Oregon's Court of Appeals ruled that a homeowner may proceed with his fraud lawsuit against his homeowners insurance company for the misrepresentations of the adjuster.
In Larry Murphy v. Allstate Insurance Company, Mr. Murphy suffered flood damage and needed to restore his home. During the inspection, Allstate's adjuster brought with him a contractor Allstate regularly used "on all our jobs." The homeowner had worked in the construction field, and he asked about whether they would need electrical and building permits. Allstate's adjuster said, flatly, "No." Well, guess what? The City of Grants Pass said the restoration work violated city code because it had been performed without the required permits.
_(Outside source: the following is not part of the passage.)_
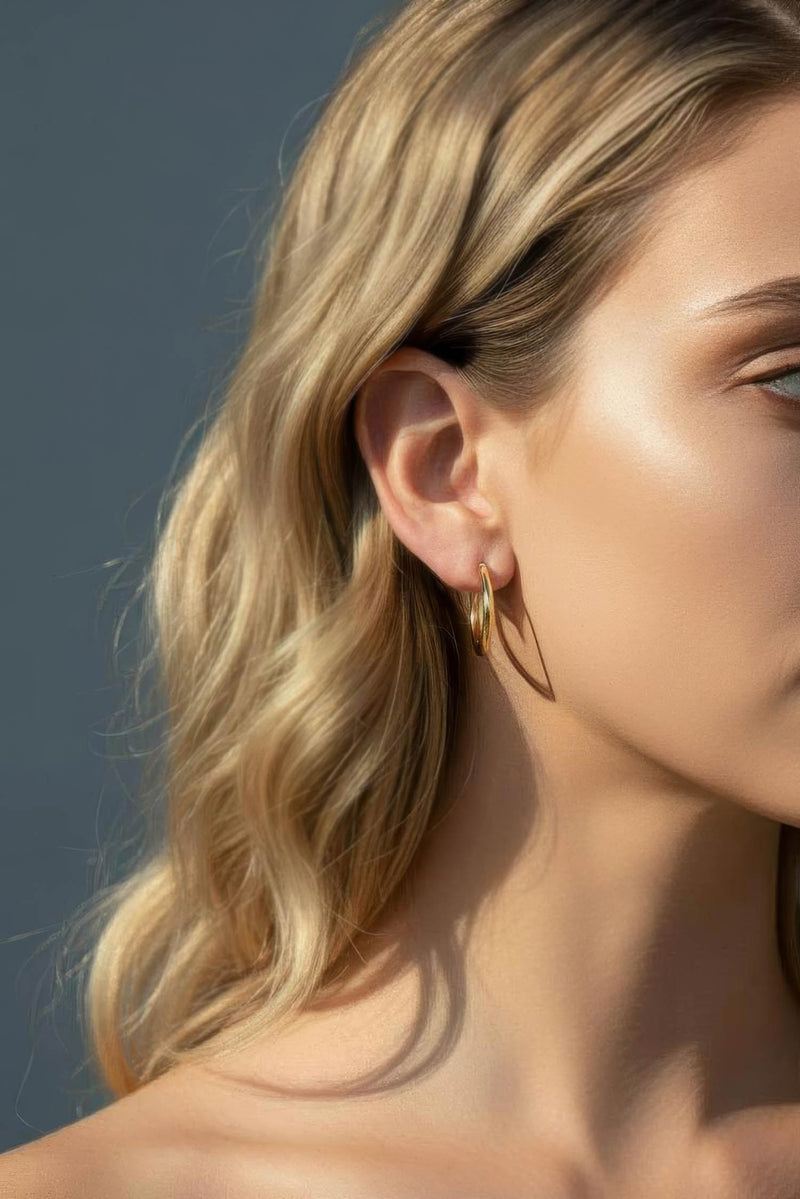 Crescent Hoops Gold Medium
As a result, the city barred occupancy and fined Mr. Murphy $495 per day.
The trial court threw out the case on summary judgment for three reasons: (1) expired statute of limitations; (2) Mr. Murphy had no right to rely on the representations of Allstate's adjuster; and (3) because of the contractual relationship between the parties, Mr. Murphy could sue only for breach of contract under the circumstances.
Oregon's Appellate Court disagreed on all three parts. The statute of limitations issue, it found, was a jury question. The judge was wrong to substitute her own opinion.
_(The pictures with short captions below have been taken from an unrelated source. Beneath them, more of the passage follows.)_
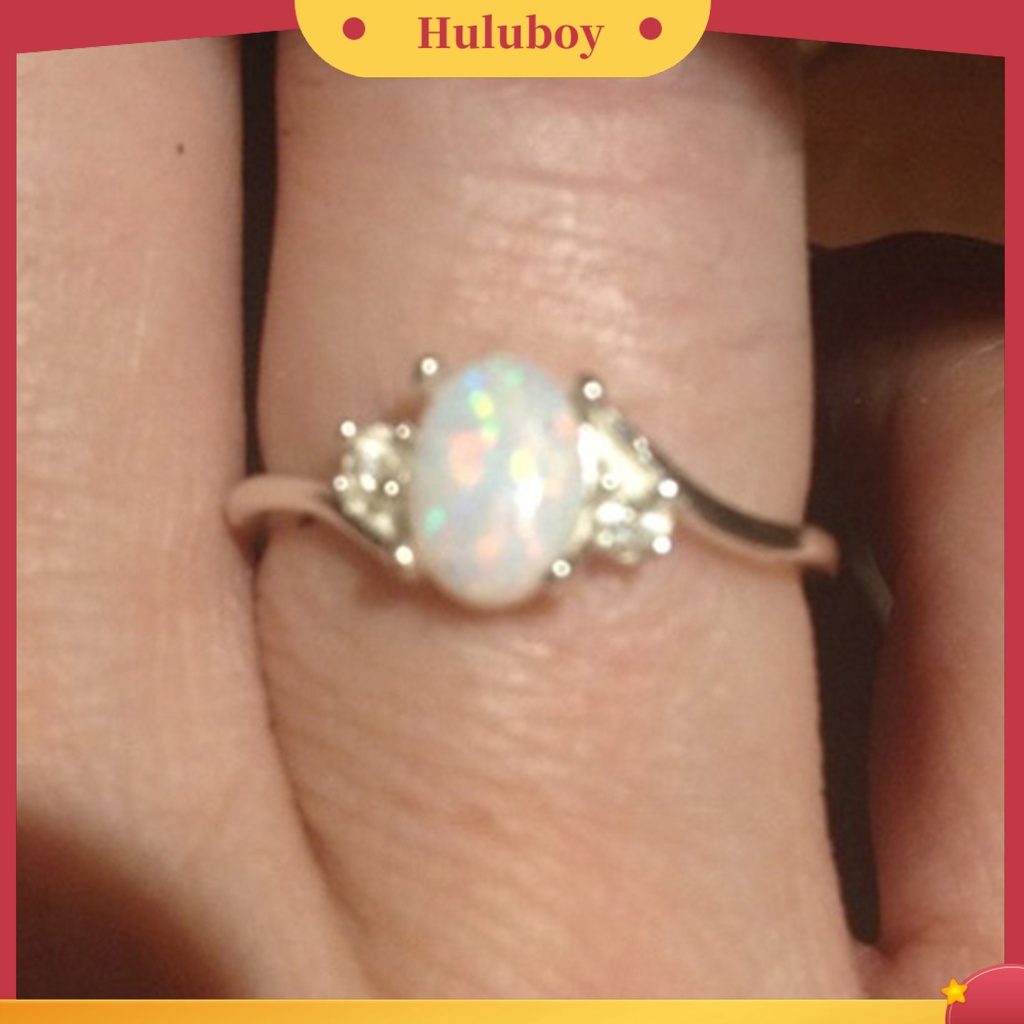 {Ready Stock} Cincin Kilau Imitasi Opal Berlian Imitasi Hias Tembaga Gaya Wanita Ring Untuk Pernikahan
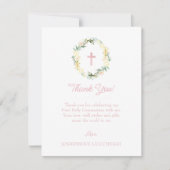 ピンクフローラファースト聖体拝領カスタム感謝 サンキューカード (正面)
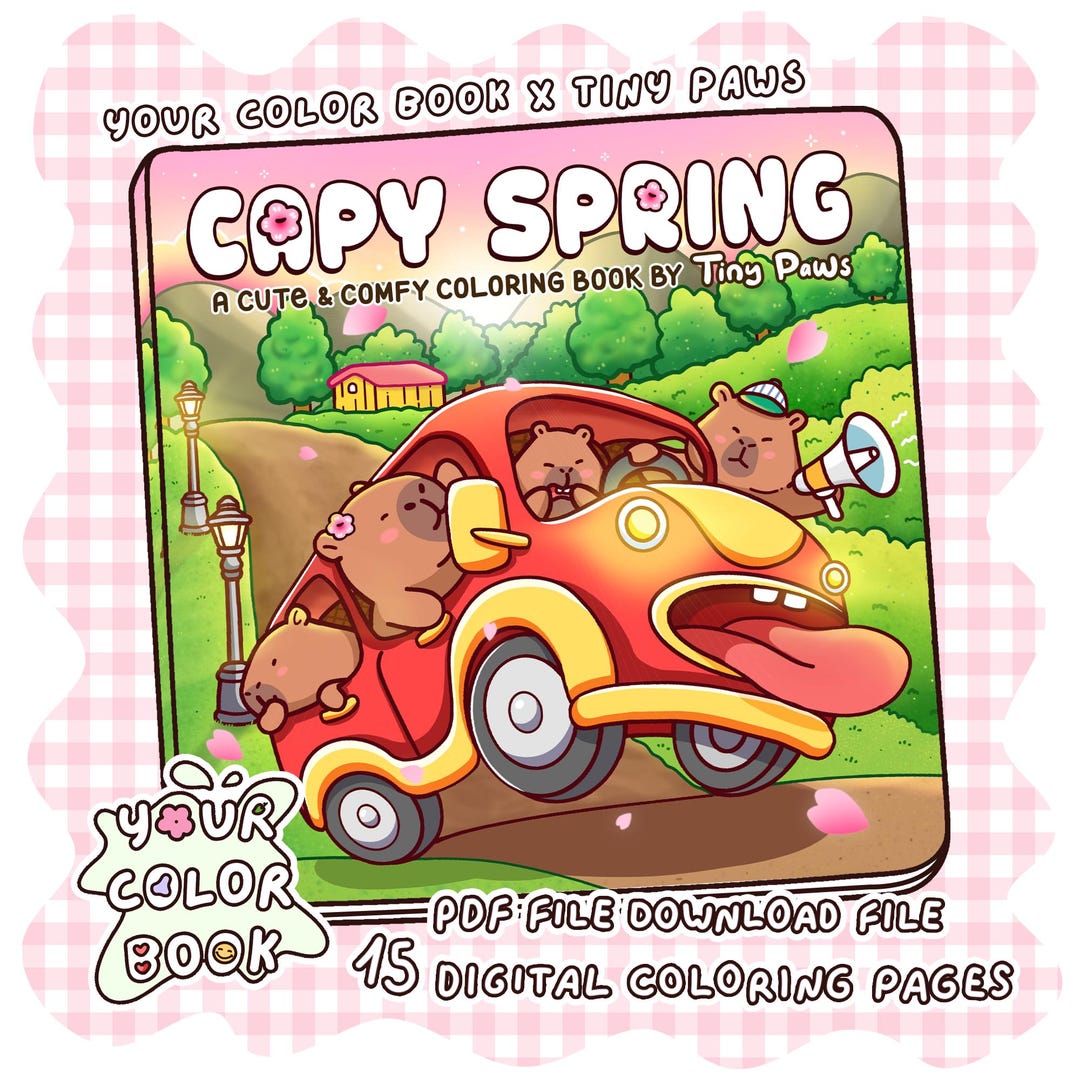 Spring Capybara Printable Capy Spring Coloring Book, 15+ Bold and Easy Coloring Pages, Funny ...
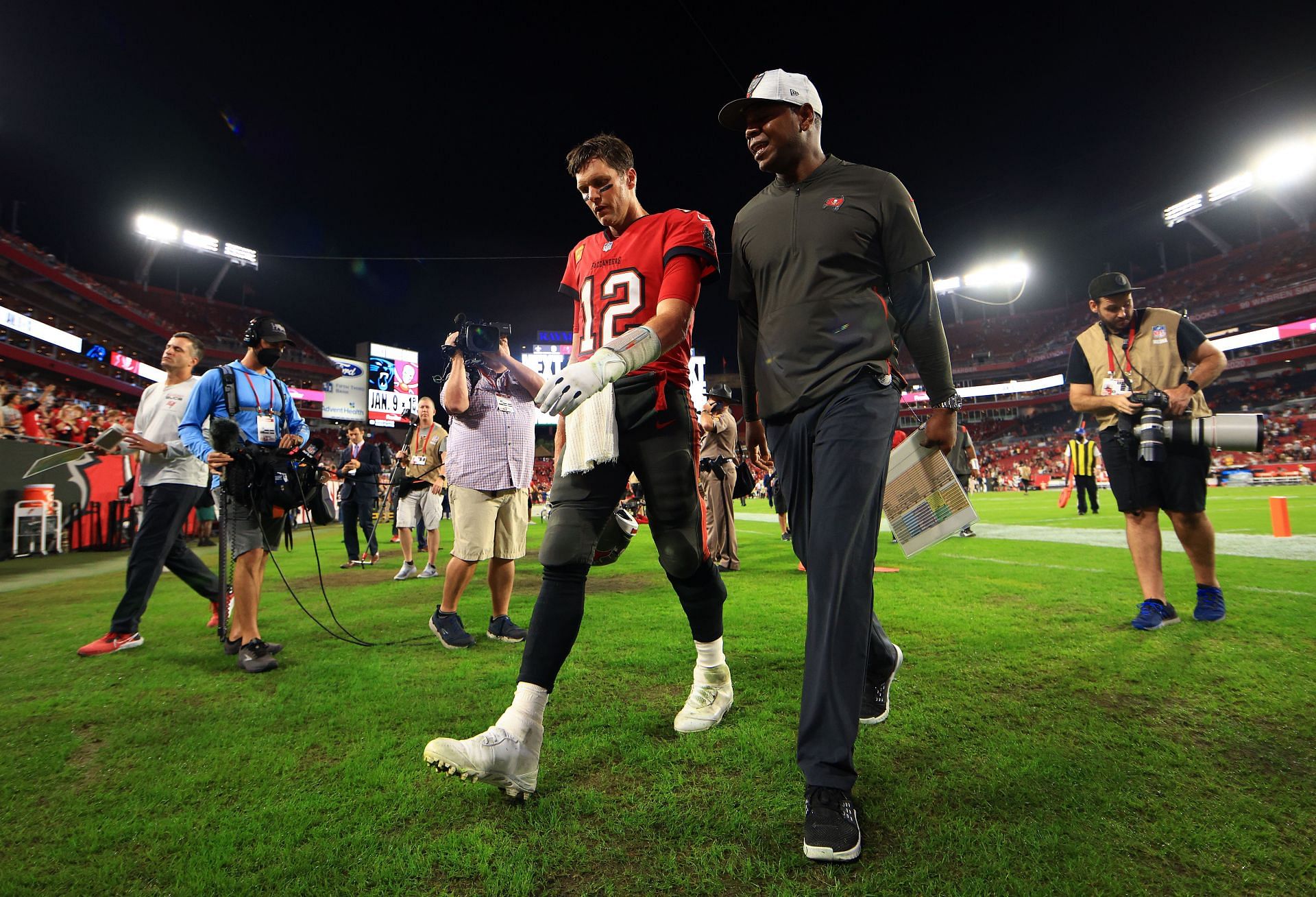 Tom Brady in a New Orleans Saints v Tampa Bay Buccaneers match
On the second point, the court offers a good discussion on when people may justifiably rely on the representations of someone else. In Oregon, it is a subjective standard, in which the jury must consider the facts available to both parties, their relative sophistication, and other circumstances.
People, generally, must do what's reasonable to investigate facts before making decisions. If only the unscrupulous liar knows critical information, then a person might have no other option than to rely on the liar. On the other hand, if the truth can be found by going to the nearest computer, then a court might not excuse that self-imposed ignorance when the parties are not in a trusting relationship. The question, said the court, is whether the "information would have been unduly difficult to acquire, and, therefore, that plaintiff need not have sought the information in order to justifiably rely on [the insurer's] statements." A critical fact in this case was another circumstance. When the insurance adjuster showed up with its preferred contractor, they pressured the homeowner to sign the contract on the spot to avoid further water damage from delay. In effect, this cut off Mr. Murphy's opportunity to fact-check the misrepresentations of the insurer and its preferred contractor.
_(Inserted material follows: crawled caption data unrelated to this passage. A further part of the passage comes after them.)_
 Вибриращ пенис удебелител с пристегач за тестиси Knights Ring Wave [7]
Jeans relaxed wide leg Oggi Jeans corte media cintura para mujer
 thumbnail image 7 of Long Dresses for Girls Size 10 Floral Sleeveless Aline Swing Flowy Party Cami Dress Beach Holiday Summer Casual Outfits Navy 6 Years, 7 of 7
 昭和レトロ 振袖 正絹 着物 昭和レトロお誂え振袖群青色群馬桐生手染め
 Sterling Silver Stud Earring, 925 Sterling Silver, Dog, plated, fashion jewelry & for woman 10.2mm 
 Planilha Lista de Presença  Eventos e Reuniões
The court also addressed the issue of whether a person can sue an insurer in fraud AND contract. Allstate said, in effect, "look at the Georgetown Realty case, Mr. Murphy is stuck with a breach of contract claim; he can't sue in tort, too." The court distinguished Georgetown Realty v. The Home Ins. Co., because it involved a negligence claim, not fraud. It's a bit mushy to say someone "negligently" violated a contract. If the contract sets the terms, in effect, who cares whether the party breached it negligently or intentionally? But fraud is different, said the court. Fraud sets forth a standard of conduct independent from the contract, and a person may sue their insurer for fraud, without alleging some special relationship of trust.
This case is a pretty big deal. Although insurers routinely threaten people with claims for fraud if they misstate something on a claim form, insurers, themselves, routinely say whatever they want to defeat claims. (Does every person who suffers whiplash return to normal within three months?) This case opens some doors to other claims against insurers that might help achieve a better power balance between insurer and insured.
Jeff Merrick, Oregon Trial Attorney
The above is not legal advice. I cannot give you sound advice without knowing more information. It is intended to raise some issues for you to discuss with your own lawyer.